_Work request_
An exact transcription of all the data is required, with every image removed.

_Collected material_

··········

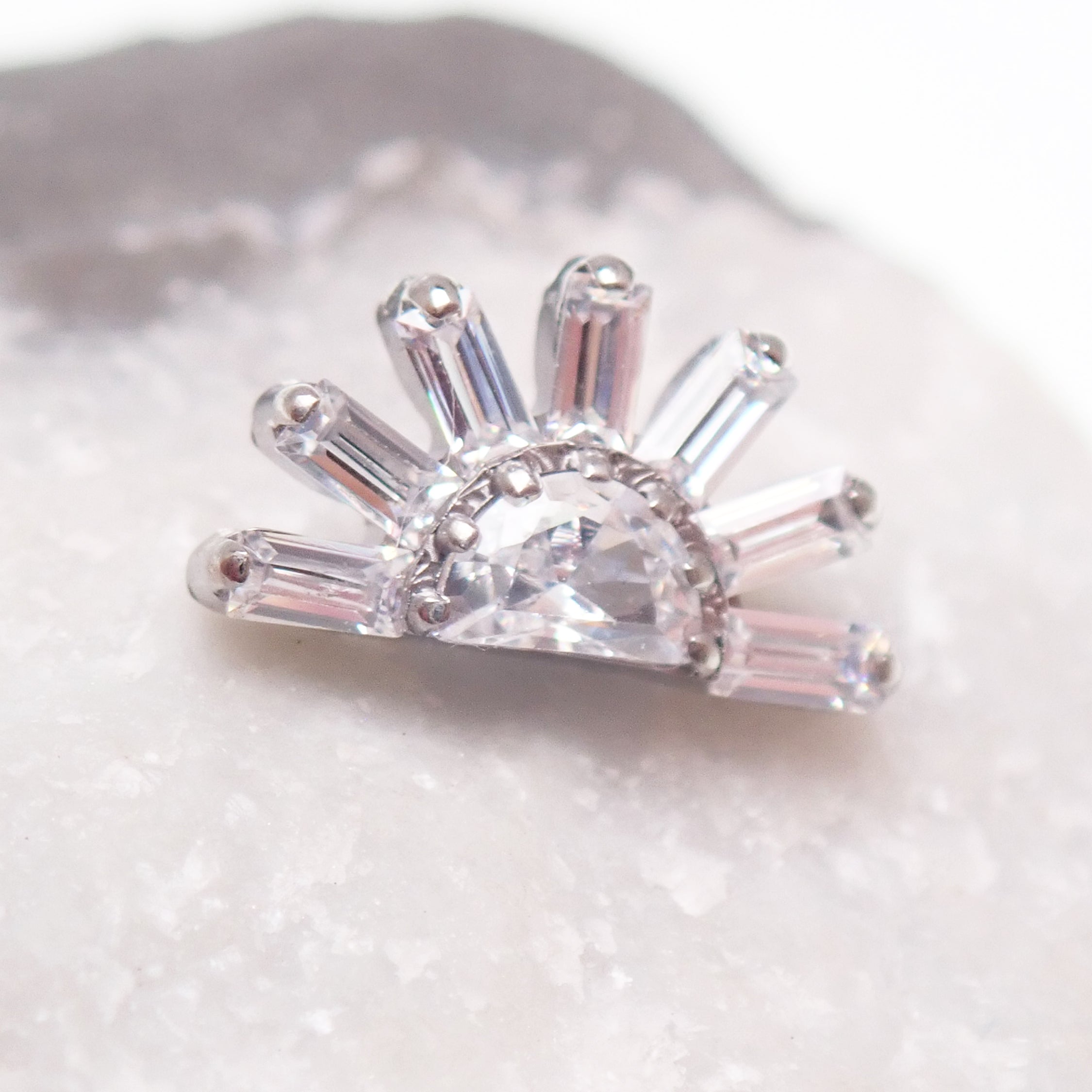 Titanium Sunburst CZ marquise 0.9mm internally Threaded - magpie body jewelry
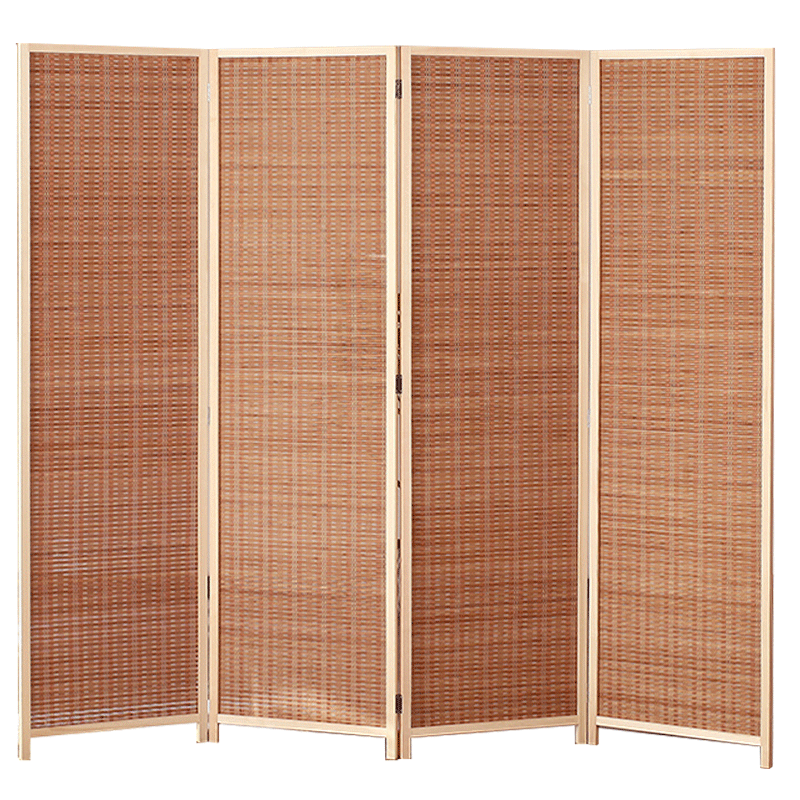 煦悦屏风实木竹帘屏风隔断移动折叠玄关折屏座屏客厅书卧室房办公室酒店宾馆新中式简约现代定制隔断屏风家用 咖啡色屏风 1.7米高x0.5米宽一扇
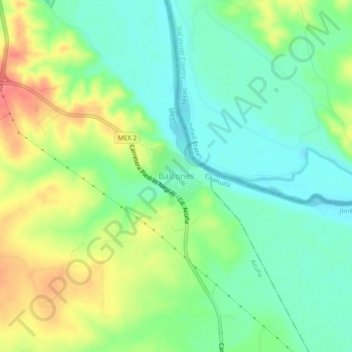 Balcones topographic map, elevation, terrain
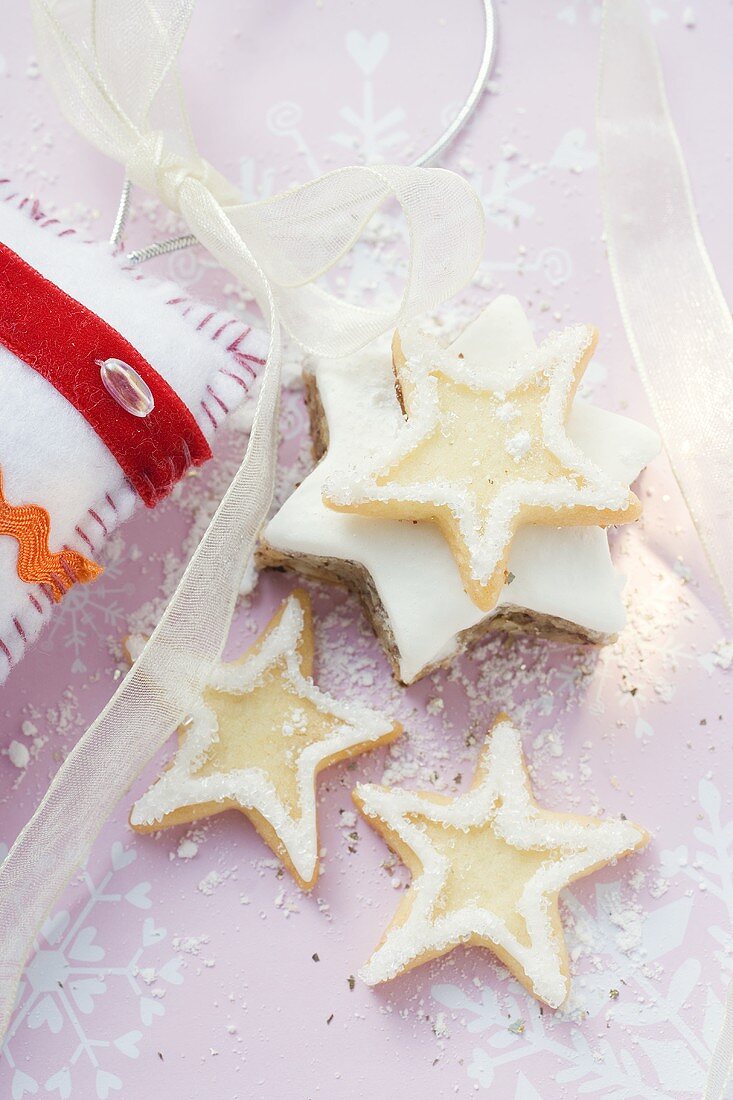 Assorted star biscuits for Christmas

··········

_Response to this exercise_
 Titanium Sunburst CZ marquise 0.9mm internally Threaded - magpie body jewelry
 煦悦屏风实木竹帘屏风隔断移动折叠玄关折屏座屏客厅书卧室房办公室酒店宾馆新中式简约现代定制隔断屏风家用 咖啡色屏风 1.7米高x0.5米宽一扇
 Balcones topographic map, elevation, terrain
 Assorted star biscuits for Christmas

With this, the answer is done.